Thanks for the reply bro, question, when you say more commitment for the turn , what do you imply? Should I do something more pronounced? Any tip is really welcome ,Im a lone rider.


----------



## poutanen (Dec 22, 2011)

Yeah that's a big board for you, especially to start out on. Wonder if someone with a smaller board would be willing to trade you, rather than losing a bunch of money on it?

Can you ride it? Sure! But you're more likely to progress faster on a more appropriate sized board... And I'm the guy on this forum usually telling people to try something bigger. :embarrased1:


----------



## alvaromaestre (Jan 10, 2017)

poutanen said:


> Yeah that's a big board for you, especially to start out on. Wonder if someone with a smaller board would be willing to trade you, rather than losing a bunch of money on it?
> 
> Can you ride it? Sure! But you're more likely to progress faster on a more appropriate sized board... And I'm the guy on this forum usually telling people to try something bigger. :embarrased1:


Thanks for the reply! Yeah thats my fear, to be stuck in the learning curve, or to get used to a long board and when I try a smaller one , I wont be able to ride it.


----------



## poutanen (Dec 22, 2011)

alvaromaestre said:


> Thanks for the reply! Yeah thats my fear, to be stuck in the learning curve, or to get used to a long board and when I try a smaller one , I wont be able to ride it.

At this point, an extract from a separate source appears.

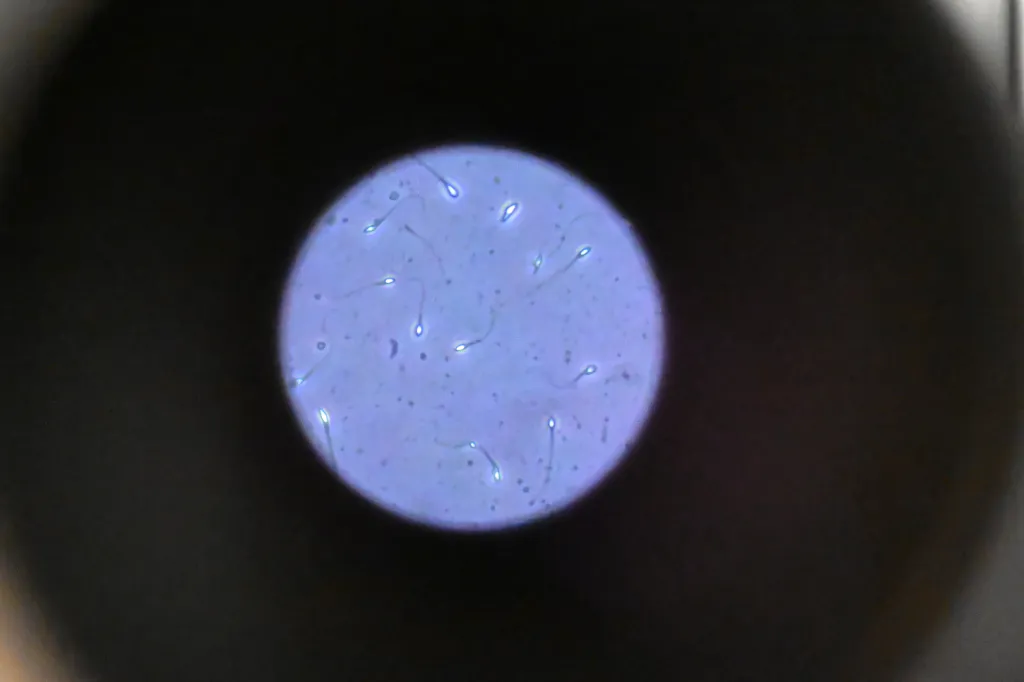 Microscopic view of numerous active sperm cells.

It's like learning to drive a crew cab long box pickup for your first car. Yes it's possible, and you may be a better driver for it in the long run, but damn I wouldn't want to do it!


----------



## KIRKRIDER (Mar 18, 2008)

alvaromaestre said:


> Thanks for the reply bro, question, when you say more commitment for the turn , what do you imply? Should I do something more pronounced? Any tip is really welcome ,Im a lone rider.


Exactly more pronounced compression and extensions of legs and lower body. Basically you are trying to increase your push on the board and flex it so that it will febound when you exit a turn. And since the board is big for your weight you have to compress it using momentum from your body movements. Does it makes sense?


----------



## alvaromaestre (Jan 10, 2017)

KIRKRIDER said:


> Exactly more pronounced compression and extensions of legs and lower body. Basically you are trying to increase your push on the board and flex it so that it will rebound when you exit a turn. And since the board is big for your weight you have to compress it using momentum from your body movements. Does it makes sense?

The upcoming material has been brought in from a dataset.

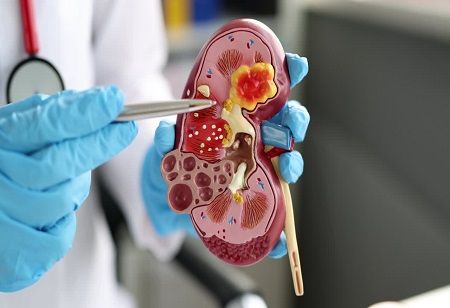 Merck-Eisai Kidney Cancer Drug Combo Hits Key Trial Milestone  Merck, Eisai, kidney cancer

Now it makes a lot of sense, even my legs are feeling it a lot. I even started to get the catch of the momentum because I feel that sometimes its just impossible to turn it so i try to take advantage of the terrain and I try to turn it with a little bump on the snow . Wow, that truly change things if I can do that easier. Thanks men.


----------



## neni (Dec 24, 2012)

As the others said; too big; can be done, but at greater energy cost. 

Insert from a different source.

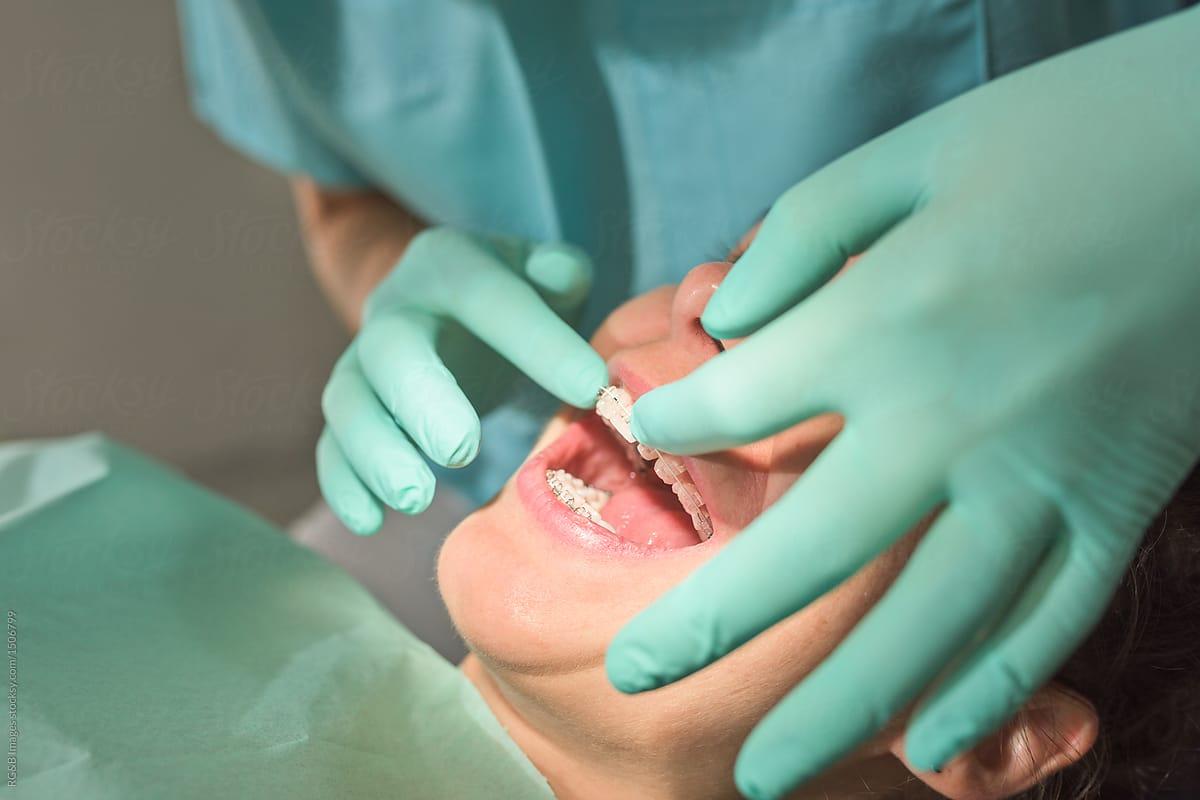 Detail shot of dentist fixing dental braces to patient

Been in the same boat; learned on oversized boards (~158 whereas my weight would put me on ~144 women's boards); sized n flexed down a bit lately (not too much cos I just got too used to have bit more edge n surface ). The difference is that on big boards I had to throw all my weight n energy to push through carves; on the small ones I can do minor lightfooted movements just with toes n ancles. 

You'll make your life easier with a well sized board; less strain but rather smooth. I'm sure I would have progressed quicker.


----------



## alvaromaestre (Jan 10, 2017)

neni said:


> As the others said; too big; can be done, but at greater energy cost.
> 
> Been in the same boat; learned on oversized boards (~158 whereas my weight would put me on ~144 women's boards); sized n flexed down a bit lately (not too much cos I just got too used to have bit more edge n surface ). The difference is that on big boards I had to throw all my weight n energy to push through carves; on the small ones I can do minor lightfooted movements just with toes n ancles.
> 
> You'll make your life easier with a well sized board; less strain but rather smooth. I'm sure I would have progressed quicker.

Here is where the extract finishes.